Look At Me
Posted on 20 April 2010
Friday night, I had the distinct discomfort of watching a recording of my friends and me from twenty years ago. We video taped it over the course of two nights, in one of our basements, during Thanksgiving break of 1989.
Our crowd was a little unusual. Maybe geeky, kind of. There were at least two references to Star Trek and something about a hobbit, but I swear no one uttered “D&D,” so it’s somewhat questionable.
There’s this thing about me, this thing about anyone who aspires to write, to make art, to perform. There’s a way of relating to the world through public acts. And I noticed that though I hid my face and took great pains to act as if I didn’t want to be seen, I never took a turn behind the camera.
I need to be able to watch myself, I need to see myself, no matter that it’s twenty years later, in a way that doesn’t lie. The video is an education for me in how twenty years can pass and not change a person’s core, an education in who I was and am and a reminder of the reasons I became this person.
I watched myself hinting at the mild abuse I’d suffered, in a subtle but nonetheless transparent way. I suppose, though it’s taken me this long to understand it, that I thought I couldn’t be loved, I could only be pitied. That if I could make people feel sorry for me, they would love me. That I had no qualities of my own to recommend me, but only events that would tug heartstrings enough to earn me a kiss, a lover for a time.
I spend my days now fitting words together in ways that make music, but also convey meaning. Sometimes, though, the music is overpowering and the truth can get lost.
Here is what I know:
I can be a better person than what I saw there. I don’t have to perform, to put on the “poor terrible childhood girl” show. In fact, it’s time to leave it behind, except the parts that make good stories, because really – they’re pretty damn funny.

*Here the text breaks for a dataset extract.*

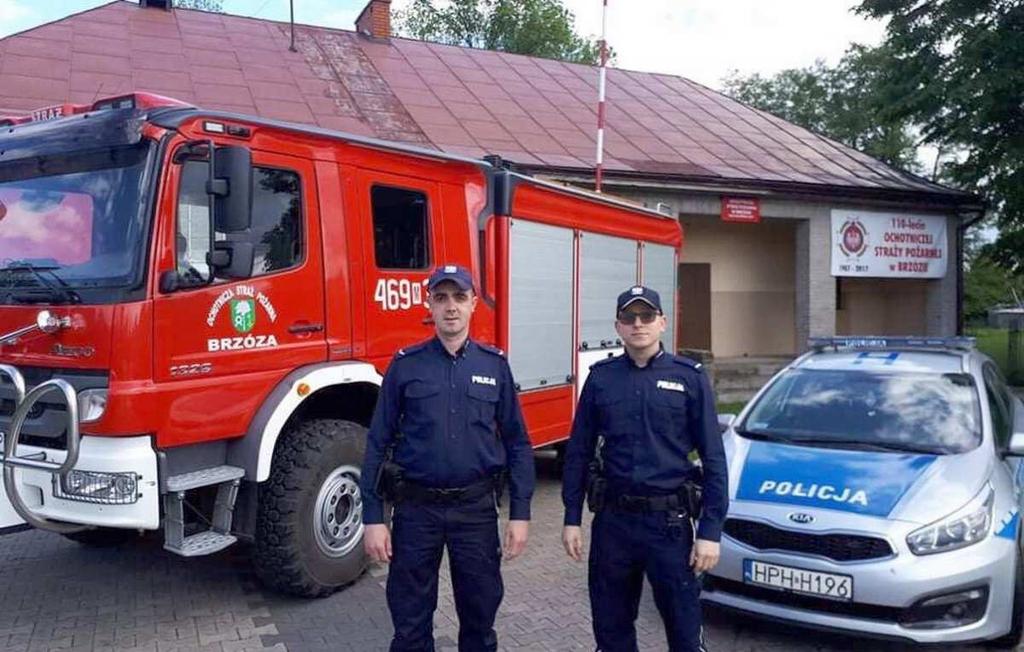 STRONA 5 Policjanci ugasili pożar domu samotnie mieszkającej kobiety W miniony weekend w gminie Grabów nad Pilicą wybuch pożar na poddaszu jednego z domów, w którym samotnie mieszkała kobieta.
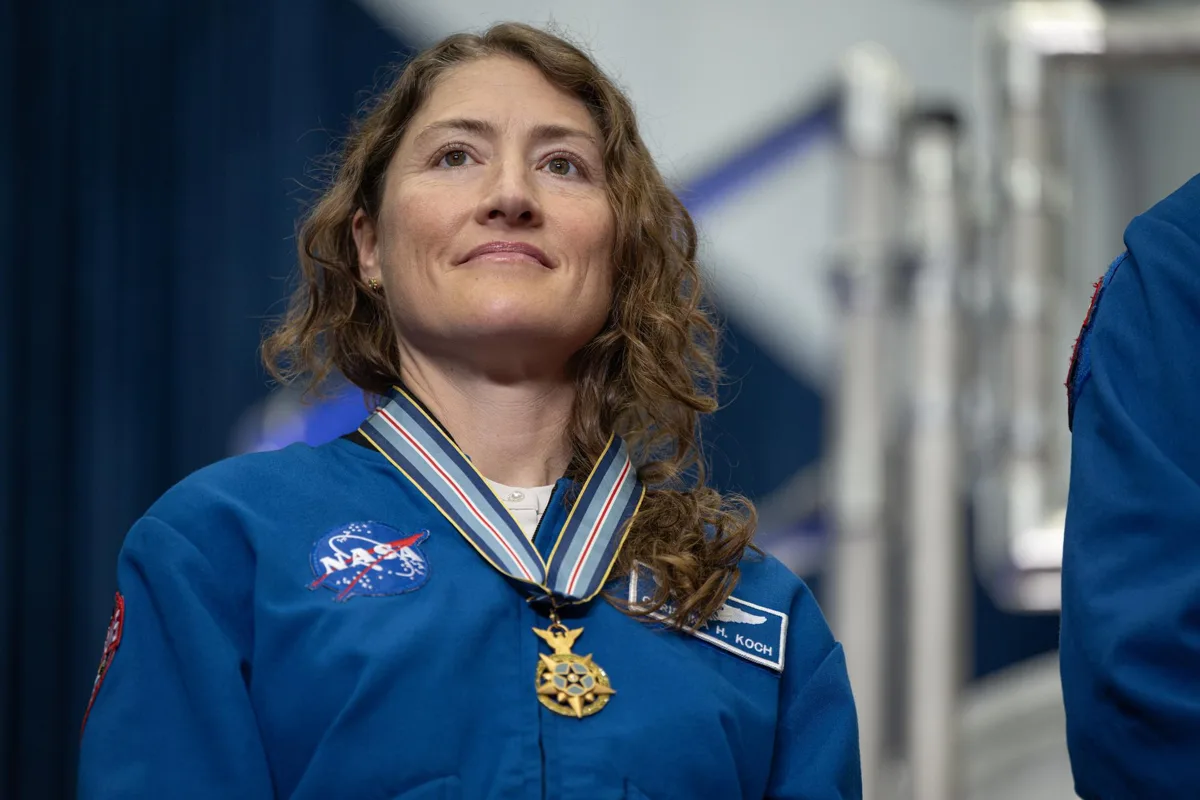Astronauta da NASA participa de evento esportivo na Filadélfia ao lado de torcedores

There are ways to say what needs to be said –I love you, I’m angry, I hurt, help me –without screaming for attention, without a writing a script and putting myself in front of the metaphorical camera.
When my boyfriend at the time was videotaping, he said all he needed to in the way he lingered on my face, my hands. When he filmed his best friend, he was loving him so much it made my heart ache. It makes me wonder why I’ve needed such grand gestures to believe what has always been true.
I’m no less worthy than any of the people in this video who, all these years later, still fill my heart, my soul with love.
4 responses to Look At Me







You have been reviewed, my duck.
Oh….I can SO relate to this post as I reflect on my own past and see all the ways the deep girl in me has changed. Even today, so much of me feels awkward and raw as continue to peel back the layers that need to be seen…this is such lovely writing.
Ah, now this is the type of writing I enjoy. Clear, concise prose – elegant, simple words that nevertheless convey complex emotions, thoughts, human experiences that the reader can identify with.
Above all, it is ‘honest’ writing – the simple unadorned truth (as you see it to be).
There is no ludicrous affectation that less talented, less worldly-wise folk oft-times adopt in an attempt to persuade the reader that they are worthy to pass comment on the work of writers more gifted than themselves
great post as usual!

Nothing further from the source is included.